En voor de curieus-neuzen onder jullie .
Het deurtje van de nestbak stond nog steeds " halfbak " met de duivin er achter .

Daags voor de trouw vertrok zij naar Gent om op de heuglijke dag zelf in groot ornaat terug te keren .
Traditie 's zijn er om in ere gehouden te worden !! Ik was onder de indruk ! Je zou voor minder .....  

Van mijn laatste beetje drinkgeld had ik voor mijn Tineke een heuse verlovingsring gekocht en toen ik in de kerk stond realiseerde ik mij ,

tussen de romantiek van het gebeuren door , dat ik PLATZAK was ! Nonde…..

Op onze trouwdag regende het . Wat zeg ik ? Het goot water ! Met bakken . De godganse dag . 

Onze fotograaf zat op vinkenslag , te wachten op een straaltje zon , en dat kwam er , voor 5 minuten en daar werd van geprofiteerd om wat plaatjes te schieten in het park van het kasteel van dokter D’haene .  

Het feest was heel simpel en sober want zei ons moeder : “ Na u komen er nog die ik moet inspannen …. “

Plaats van gebeuren .

In het duivenlokaal bij Henri Casier en Marcella . Café Sportwereld .

Henri moest nonkel zeggen tegen mijn pa en bijgevolg waren wij daar zo goed als thuis en een andere nicht , Simonne , zou voor ons koken in de veranda .

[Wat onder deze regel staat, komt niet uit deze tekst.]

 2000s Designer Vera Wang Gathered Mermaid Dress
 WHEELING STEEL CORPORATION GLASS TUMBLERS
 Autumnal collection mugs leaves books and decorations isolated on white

Simonne Casier , echtgenote Robert Carly….. alleen over haar bewogen leven zou ik al een boek kunnen schrijven !!

En Marcella had voor Tante een speciale prijs gemaakt en daarmee was de kous af .

Wij waren met zo’n 50 man en na het eten werd er gedanst op de tonen van een heus orkest . Men moet zich daar niet veel bij voorstellen . Een trompet , een slagwerk en een accordeon .

De leader of the band was , weeral aan een vriendenprijsje , de oudste zoon van de voorzitter van de duivenbond Jaak Pieters , zoon van Adrien .

Een trouwfeest . Het komt steeds minder voor . En aan uw eigen feest beleef je eigenlijk niet zoveel plezier . Ik ga trouwens heel graag naar dat van een ander . 

Ik heb zelfs onlangs nog aan een paar vrienden die “ in zonde " leven  gevraagd om de stap te zetten , in de hoop van …. Enfin . 

Ik was toch maar blij , toen we aan de feesttafel zaten , dat alles goed verlopen was . Het officiële gedeelte op het stadhuis te Brugge , in de beroemde Gotische zaal en in de kerk van Sint Pieter in de banden te Dudzele was heus toch wel een beetje stresserend geweest .

OEF !! En na de vermenigvuldigingsdans , een tijdje het feestgewoel aanschouwd te hebben , wachtten wij op een geschikt moment om er vanonder te muizen.

Immers , ik wilde met mijn duivin in de nestschotel duiken ….

En zo geschiedde !  En net nu het begint spannend te worden , denk ik er opeens aan dat ik het al lang niet meer met jullie over duiven heb gehad…..

“ GIJ EN IK OVER DUIVEN “ schreef Jan Aerts .

Och , ik las alles over duiven dat ik te pakken kon krijgen en wat mij het meest boeide waren de discussie’s rond familiekweek en inteelt .

En ik begon er van overtuigd te geraken dat inteelt de enige weg was naar het succes . 

Voor de andere helft van de tandem Casier & Zoon was dit latijn  en dus , nu ik op eigen benen stond , zou ik er werk van maken .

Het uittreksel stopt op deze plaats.